Download or read book The First Civil Right written by Naomi Murakawa and published by Studies in Postwar American Po. This book was released on 2014 with total page 281 pages. Available in PDF, EPUB and Kindle. Book excerpt: "The explosive rise in the U.S. incarceration rate in the second half of the twentieth century, and the racial transformation of the prison population from mostly white at mid-century to sixty-five percent black and Latino in the present day, is a trend that cannot easily be ignored. Many believe that this shift began with the "tough on crime" policies advocated by Republicans and southern Democrats beginning in the late 1960s, which sought longer prison sentences, more frequent use of the death penalty, and the explicit or implicit targeting of politically marginalized people.
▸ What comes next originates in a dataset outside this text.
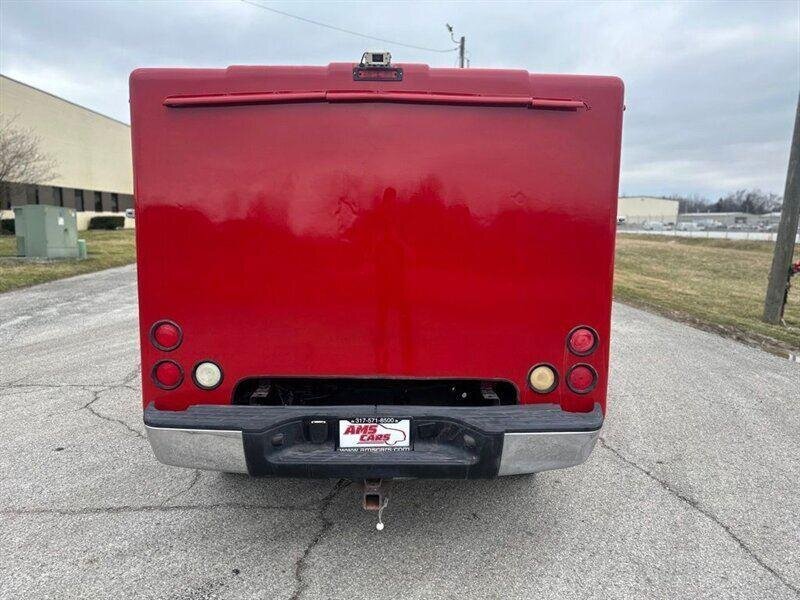 2007 Chevrolet Silverado 1500 Work Truck bbq truck - Photo 5 - Indianapolis, IN 46234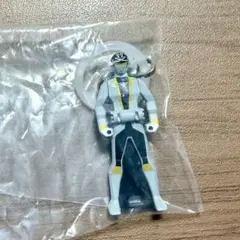 スーパー戦隊 めじるしアクセサリー レンジャーキー ゴーカイシルバー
In The First Civil Right, Naomi Murakawa inverts the conventional wisdom by arguing that the expansion of the federal carceral state-a system that disproportionately imprisons blacks and Latinos-was, in fact, rooted in the civil-rights liberalism of the 1940s and early 1960s, not in the period after. Murakawa traces the development of the modern American prison system through several presidencies, both Republican and Democrat. Responding to calls to end the lawlessness and violence against blacks at the state and local levels, the Truman administration expanded the scope of what was previously a weak federal system. Later administrations from Johnson to Clinton expanded the federal presence even more. Ironically, these steps laid the groundwork for the creation of the vast penal archipelago that now exists in the United States. What began as a liberal initiative to curb the mob violence and police brutality that had deprived racial minorities of their first civil right - physical safety - eventually evolved into the federal correctional system that now deprives them, in unjustly large numbers, of another important right: freedom. The First Civil Right is a groundbreaking analysis of root of the conflicts that lie at the intersection of race and the legal system in America." -- Publisher's description.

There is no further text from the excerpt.